Now, our protagonists find themselves trapped in the Hotel, for the desert seem rather unconquerable, and there are neither cars nor telephones around. Soon, more people die based on a free very interpretation of the “Ten Little Indians” nursery rhyme, and people become increasingly paranoid, convinced the killer must be one amongst their ten.
Agatha Christie’s Ten Little Indians seems to be a book that brings out the best in the people adapting it, perhaps because it lacks a single annoying detective and replaces her or him with a perfect opportunity for a bunch of actors to emote, chew scenery, or something of that kind.
Dubious yet sometimes lucky British producer Harry Alan Towers loved the material so much, he made three adaptations of it, about one every fifteen years. Okay, I suspect he needed to keep making them to keep a license alive, but given that two out of these three films are actually rather good, that’s not the worst that could have happened. As far as I understand, this second Towers version uses much of the dialogue from his first version, but it still retains a character very much of its own thanks to its acting ensemble, its locations, and Peter Collinson’s direction.
Collinson, a man with mediocre as well as quite great films on his CV, clearly saw the opportunities the locations Towers acquired gave him to build a rather macabre mood. His camera finds the inherent threat in the hotel’s interiors where spacious oriental kitsch meets occidental colour-blindness, he uses spectacular staircases for playing games of the audience watching someone watching someone else while he himself is being watched without needing more camera involvement than decidedly clever placement, etc, and so forth.

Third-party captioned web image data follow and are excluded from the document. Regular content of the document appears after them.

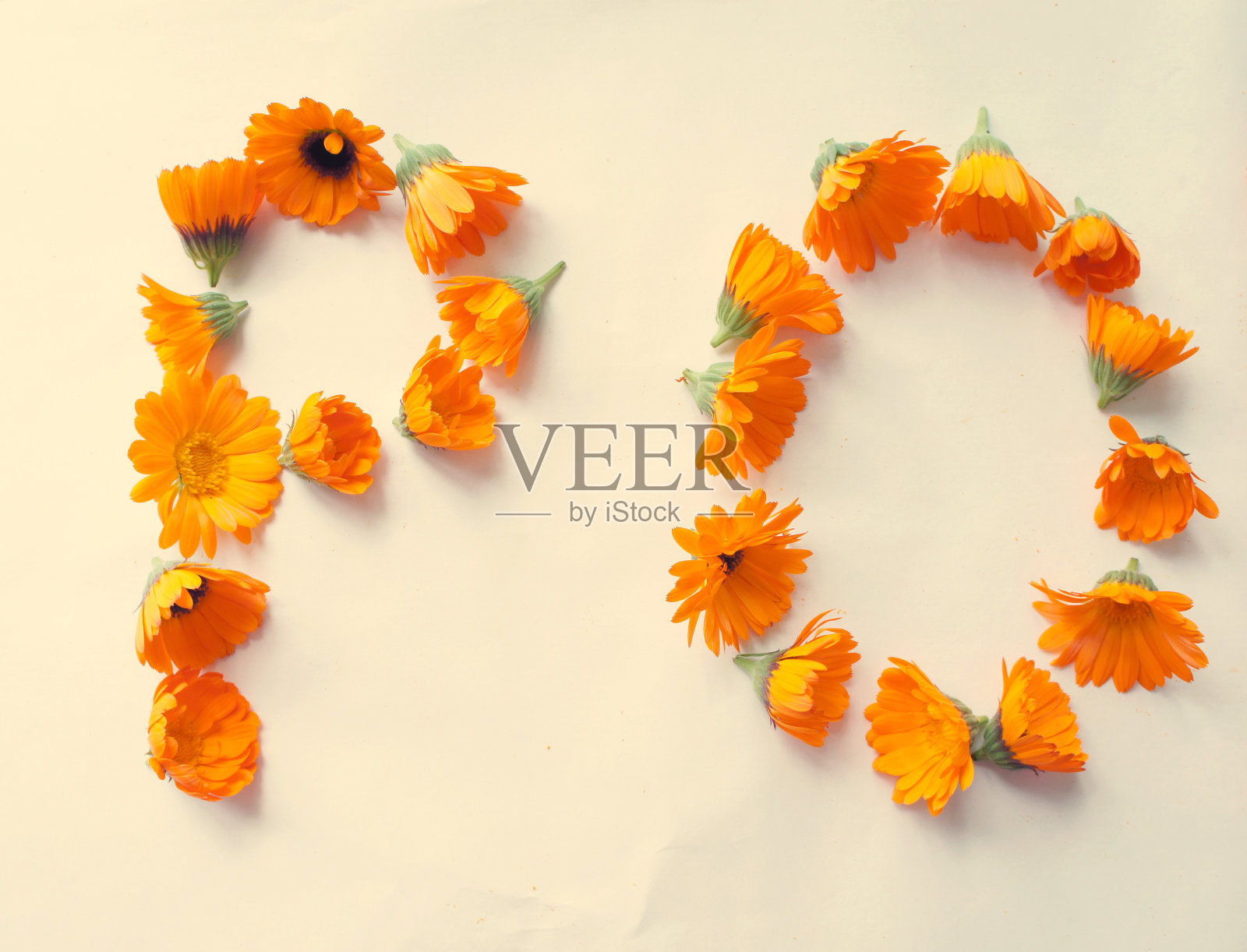 字母P和o。金盏花的字母。花的字体。组成。美丽的首都花字母。字母表。前视图。一个柔软的老式过滤器。照片摄影图片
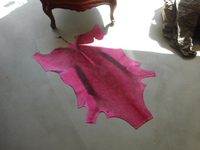 P1490612.webp
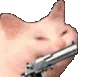 PKEcattoshoot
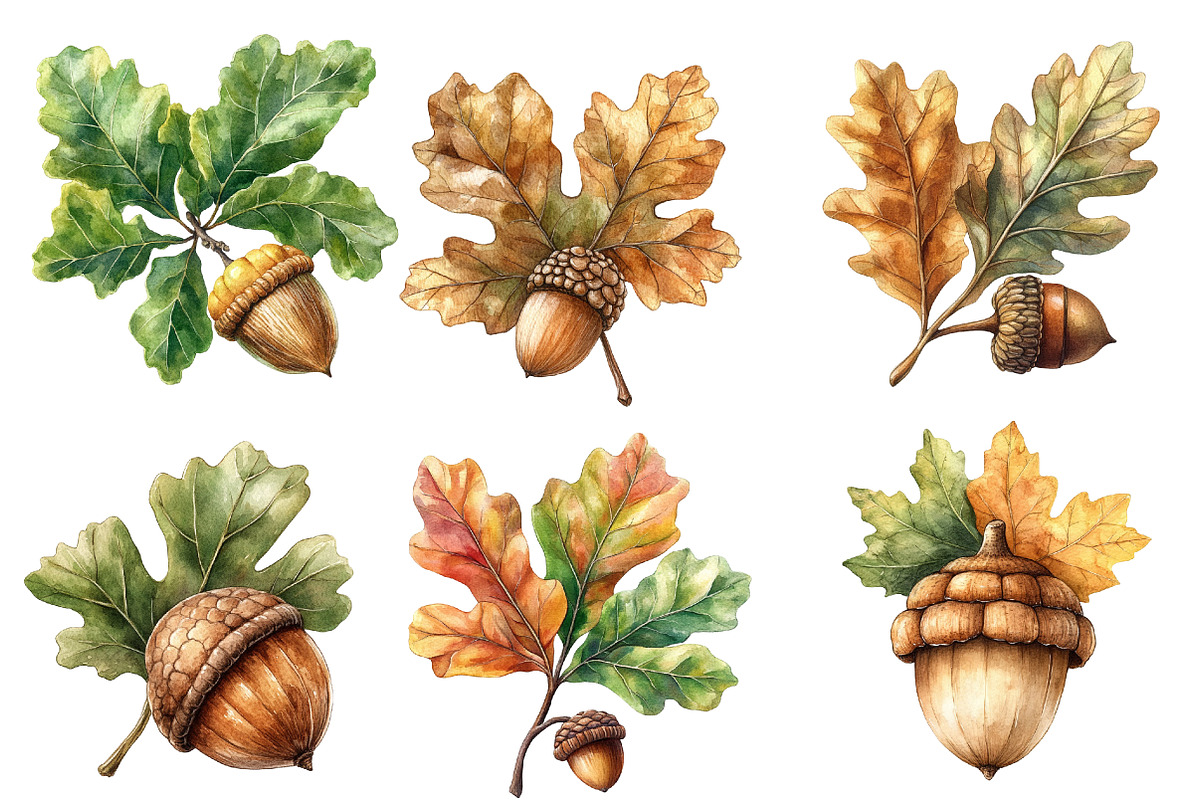 Watercolor Acorns & Oak Leaves, an Illustration by Designworld (Photo 3 of 5)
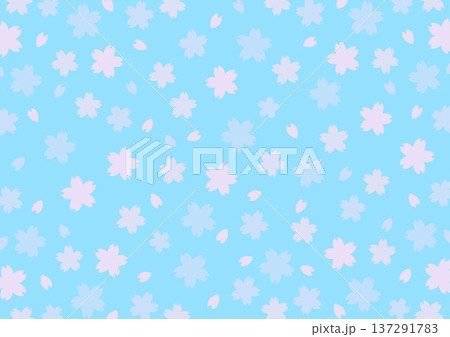 背景 桜の花のパターン 水色 背景 桜の花のパターン 水色 137291783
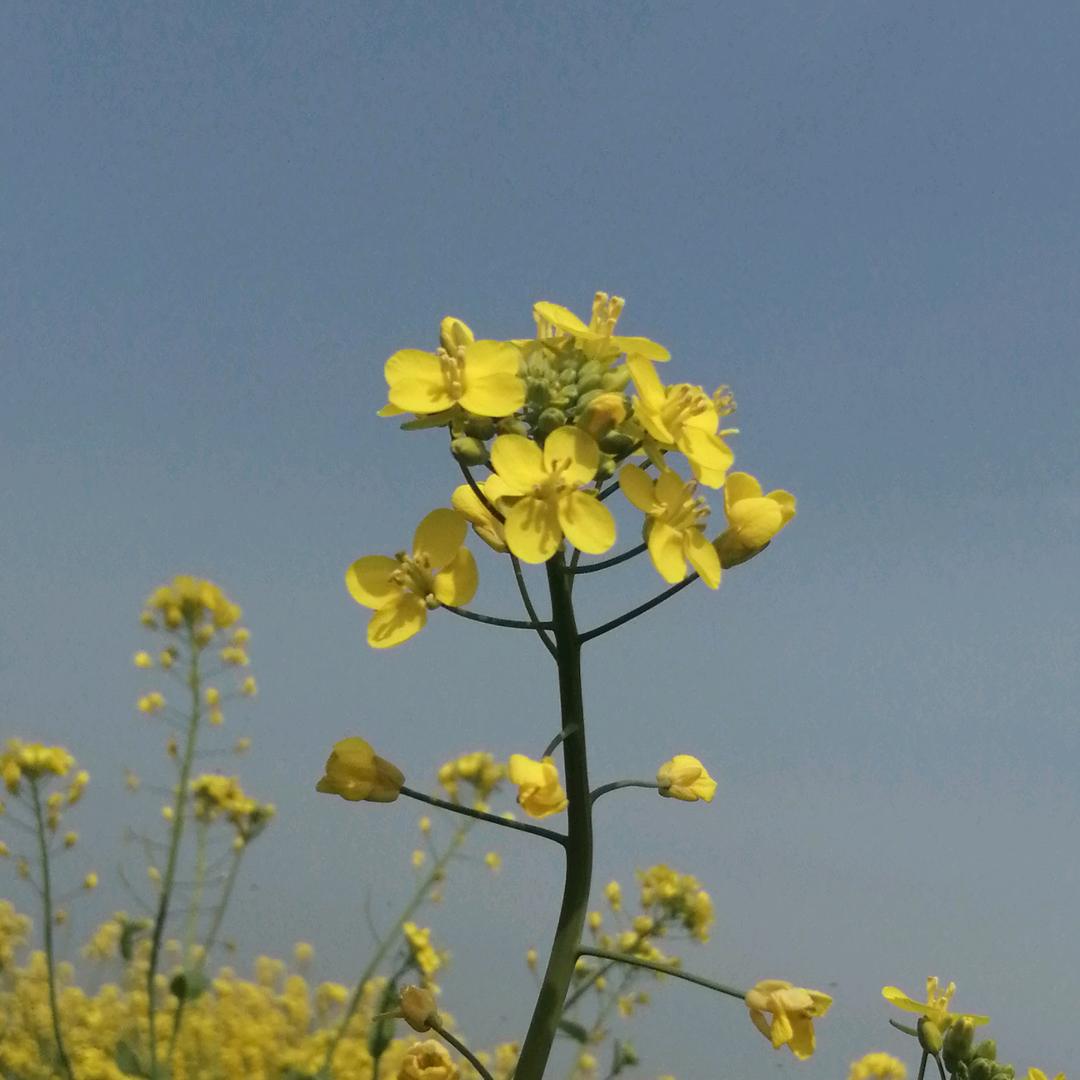 洪湖市新滩镇盛通汽车保养维修中心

The film’s visual style seems highly influenced by the giallo, the camera generally being positioned in the more peculiar and telling ways available with no conversation – and this is a very conversation heavy peace – not enhanced by direction that seeks to express the mood inside a room via its own movement and positioning even before the actors do anything at all. Like many a giallo director, Collinson succeeds in leapfrogging an audience’s scepticism towards a faintly – or very – ridiculous plot by creating a mood that suggests dreamscapes and the workings of the subconscious, making it very easy to read the resulting films in a manner where what a film’s plot has to say becomes secondary to what its mood tells us about its characters and the meaning of the world surrounding them.
I am – obviously – very fond of that approach to filmmaking, perhaps even to a fault, but I think this particular Christie novel just calls for it. This is, after all, a film about members of the upperclass and the bourgeoisie having to show and confront the truths behind their masks and the lies they tell themselves to get to sleep at night. Why, two of the more working class characters might even be called innocent, which would probably be more telling in a class-political sense if the other two weren’t just as murderous the bourgeois.
These characters are brought to life in various ways between subtlety, thespian grandstanding, and good old scenery-chewing with most of the involved well able and willing to use all three approaches, depending on what any given scene calls for. It’s all rather lovely to watch, particularly in scenes like the surreal confrontation between Lom and Attenborough with two packs of matches and a billiard table as a prop.
This all adds up to a very fine movie, even if the ending eschews to embrace the darkness of the novel and goes for a rather more normal happy end that only fits the tone of what came before vaguely. Despite the problem of the ending, Ten Little Indians is another exception to my usual “Ugh, Agatha Christie” rule.